Katie LaVine Katie LaVine

From Pink Slip to Passion Project: The Story Behind HeyKate

From Pink Slip to Passion Project: The Story Behind HeyKate

It happened in between Parent–Teacher Conferences.

One minute, I was getting ready to meet with another family. The next, I was told I was part of a “Reduction in Force.” In education-speak, that means the district doesn’t have the funding to keep your position — no matter how good you are at your job. It’s not a reflection of your performance. It’s simply money, budgets, and numbers.

But when you’re on the receiving end, it doesn’t feel like numbers. It feels like you’ve been erased.

There was no warning, no compassion, just the news and the unspoken expectation that I would push down my emotions and carry on. In that moment, I felt less like a human being and more like a cog in a wheel.

I took the news, asked my questions, shared my thoughts — firm but professional — and then walked right back into those conferences with warmth and grace, because that’s what my families deserved.

The kicker? This was the end of March. Which meant I still had months left to teach, knowing that no matter how hard I worked, my job would be gone. I did my best because I have integrity, but there were days I cried in the coat closet. Days I screamed in the car on the way home. Days I carried the weight of that loss like a stone in my chest.

When the last day of school came, I packed up my classroom and walked out for the last time. And then… I was lost.

For weeks, I floated through my days like I was underwater. No routine. No purpose. Just a hollow ache where my career used to be. I had been “Teacher Katie” for so long, I didn’t know who I was without it.

But slowly, a whisper began to break through the fog: Maybe this is your chance.
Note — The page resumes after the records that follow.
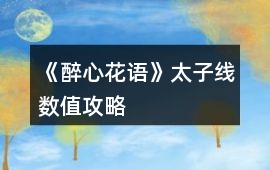 《醉心花語》太子線數(shù)值攻略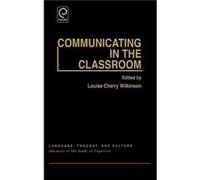 Communicating in the Classroom by Louise Cherry Wilkinson Hardcover Book Louise Wilkinson (Auteur)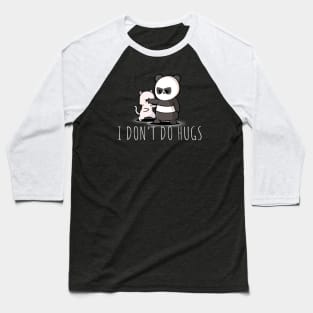 I Don't Do Hugs Funny Baseball T-Shirt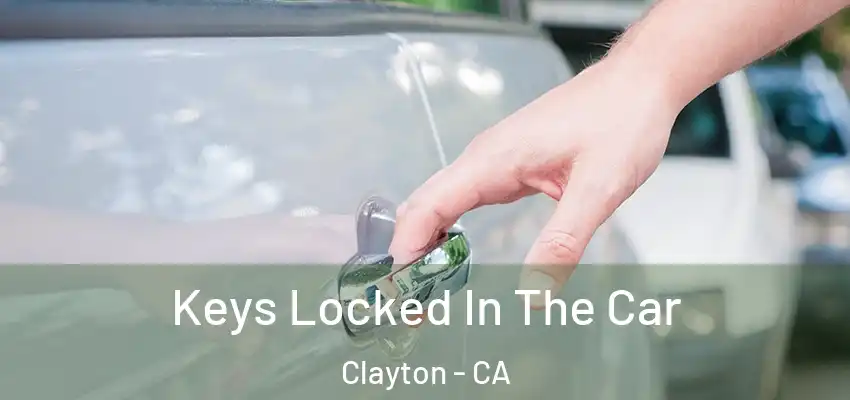 Keys Locked In The Car Clayton - CA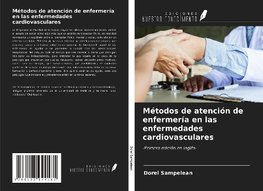 Métodos de atención de enfermería en las enfermedades cardiovasculares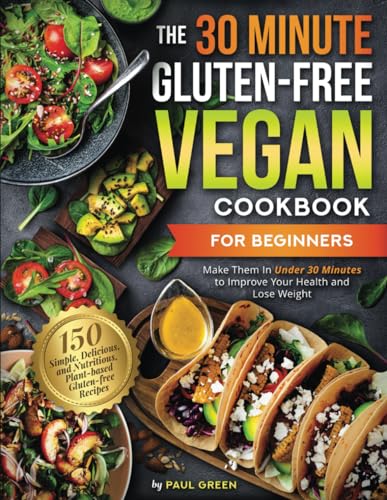 The 30-Minute Gluten-free Vegan Cookbook for Beginners: 150 Simple, Delicious, and Nutritious, Plant-based Gluten-free Recipes. Make Them In Under 30 ... Plant-Based Vegan Lifestyle Series, Band 6)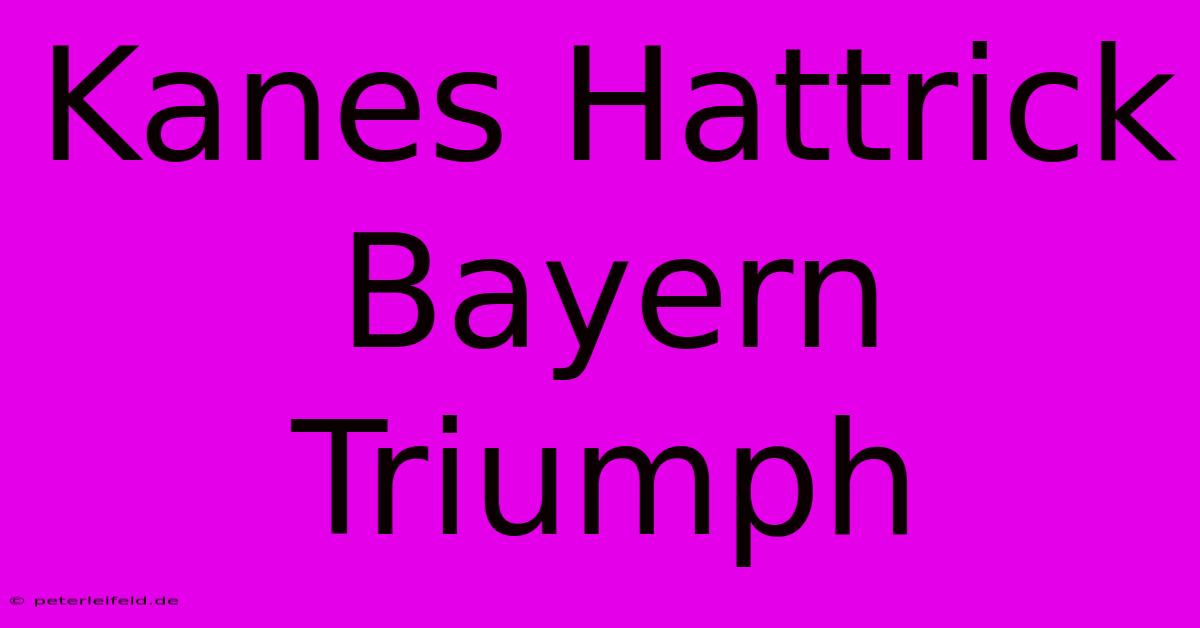 Kanes Hattrick Bayern Triumph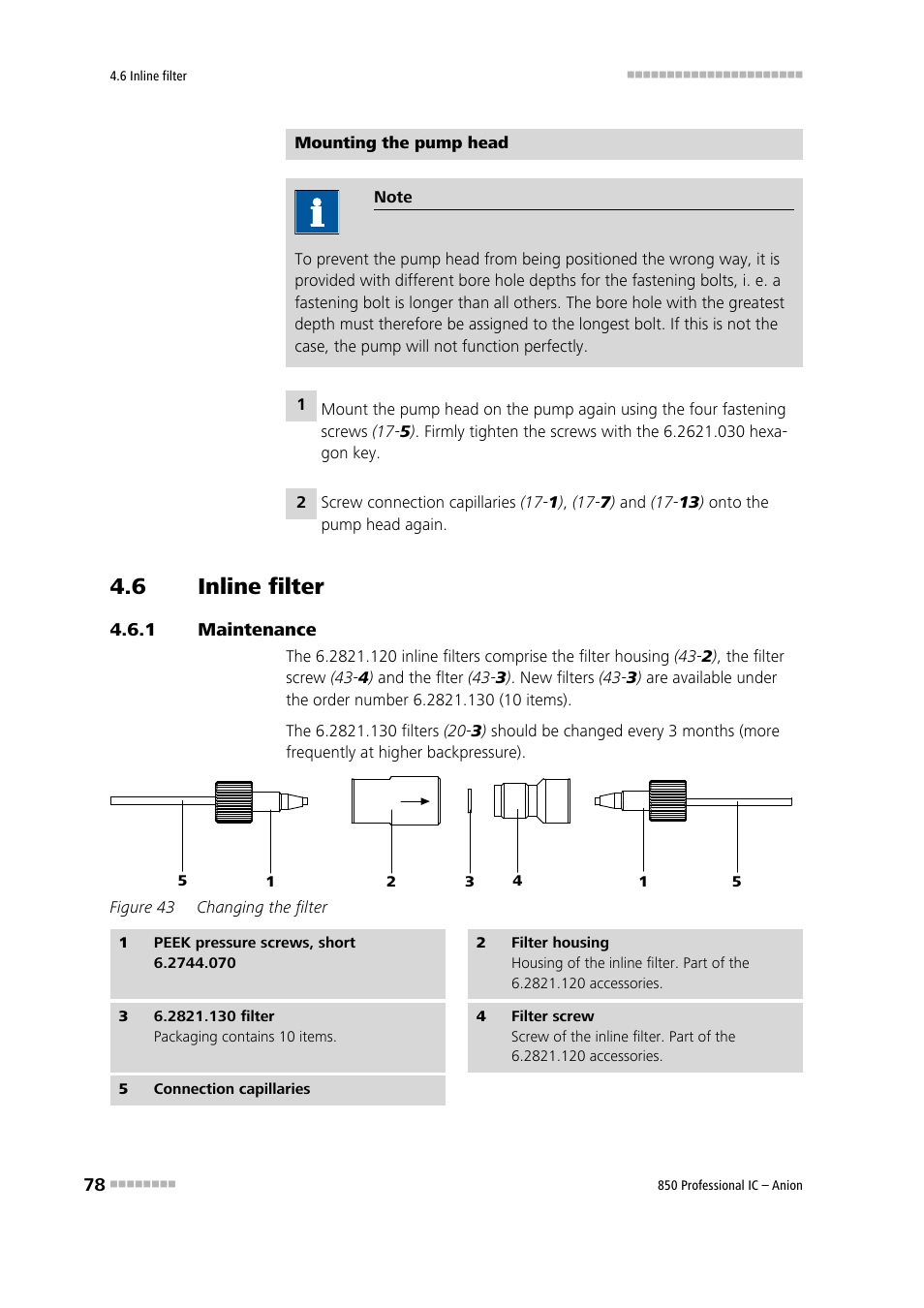 6 inline filter, 1 maintenance, Inline filter | Maintenance, Figure 43, Changing the filter | Metrohm 850 Professional IC Anion User Manual | Page 88 / 135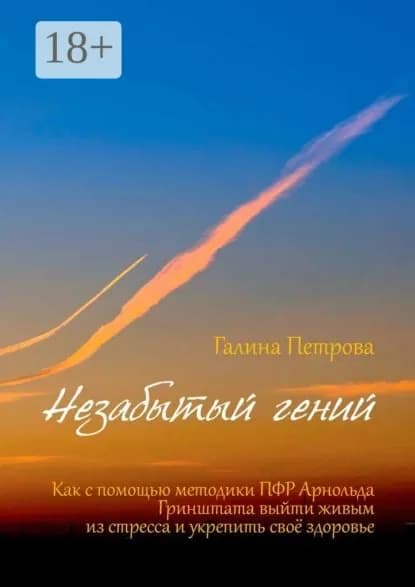 Незабытый гений. Как с помощью методики ПФР Арнольда Гринштата выйти живым из стресса и укрепить свое здоровье | Петрова Галина | Электронная книга
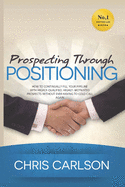 Prospecting Through Positioning: How to Continually Fill Your Pipeline with Highly-Qualified, Highly-Motivated Prospects Without Ever Having to Cold Call Again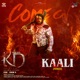 Come On Kaali From KD Hindi Version Single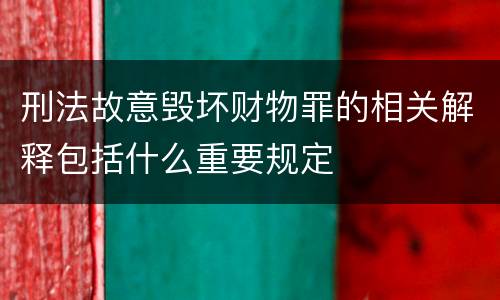 刑法故意毁坏财物罪的相关解释包括什么重要规定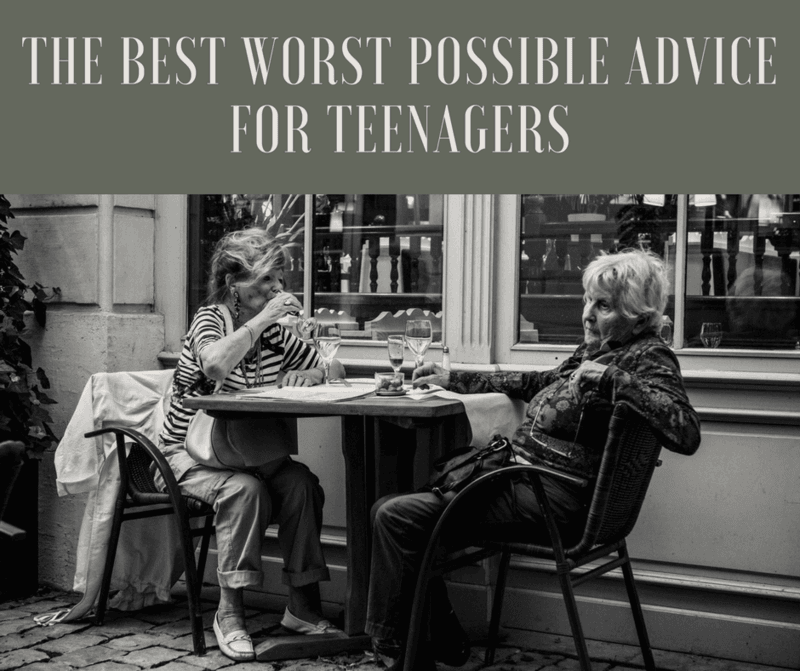 The Best Worst Possible Advice For Teenagers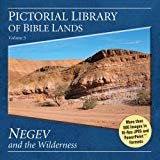 Pictorial Library of Bible Lands-Negev & the Wilderness: Volume 5 (Pictorial Library of the Bible Lands) Media & Communication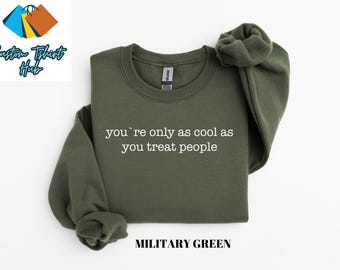 You're Only As Cool As You Treat People Shirt, Mental Health Sweatshirt, Cute Kindness Motivational Shirts for Womens, Cool Mom Sweatshirt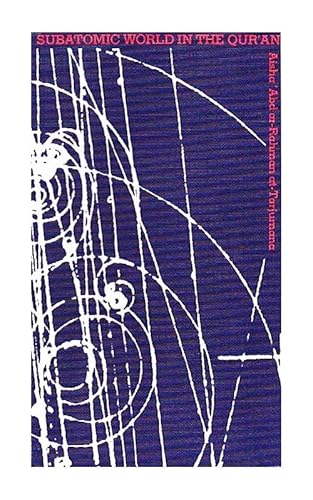 Read Subatomic World in the Koran, written by Aisha at Tarjumana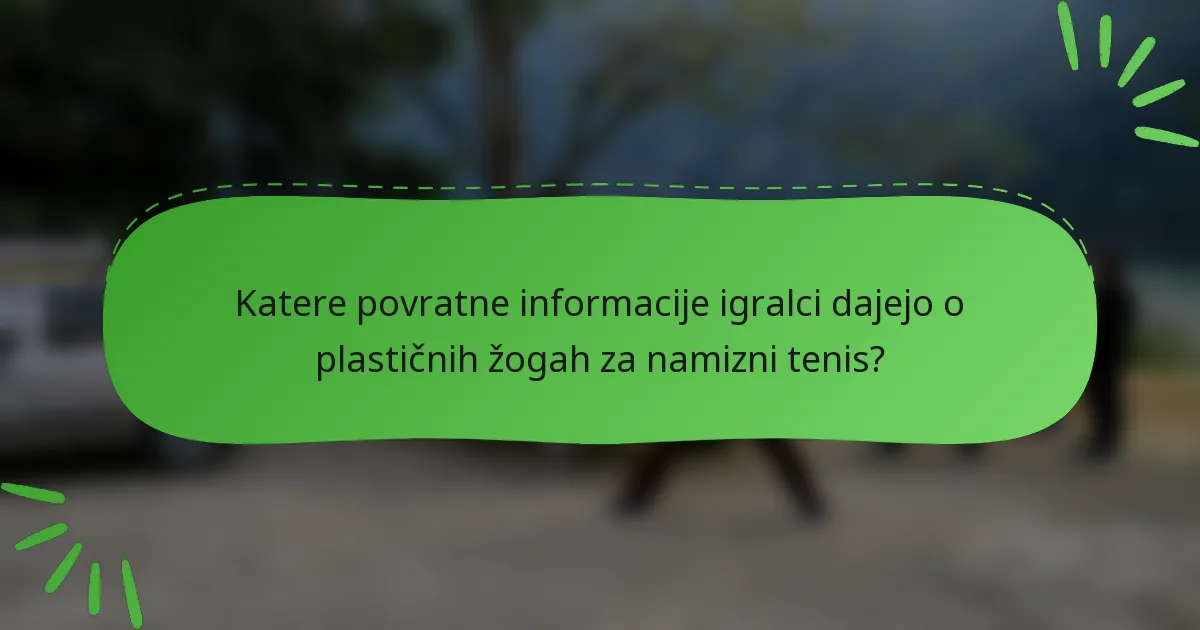 Katere povratne informacije igralci dajejo o plastičnih žogah za namizni tenis?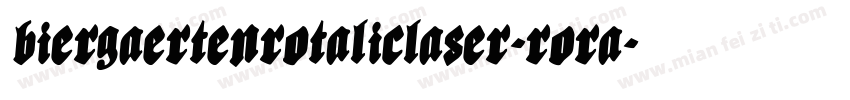 BiergaertenRotalicLaser-RORA字体转换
Maybe this was the moment to create something of my own. Something flexible. Something creative. Something that didn’t require permission to exist.

That’s how HeyKate began.

At first, it was just an idea: help small businesses with the work that bogs them down — content creation, admin support, maybe some Teachers Pay Teachers resources. But the more I thought about it, the more I realized I could blend everything I loved: making educational materials, organizing chaos, and using my voice acting training to start a podcast or narrate audiobooks.

What started as a flicker of possibility became the blueprint for my next chapter — one I would write myself.

It hasn’t been easy. Some days I feel like a confident business owner. Other days I feel like I’m running a very elaborate lemonade stand. But even if that’s true, I’ve always liked lemonade.

So here we are. HeyKate is officially in business, and this blog (and podcast) will be where I share the truth: the wins, the flops, and the messy middle of building something from scratch.

If you’re starting over, thinking about it, or just need a reminder that you can rebuild from the rubble, you’re in the right place.

Because sometimes, the detour is where you finally find yourself.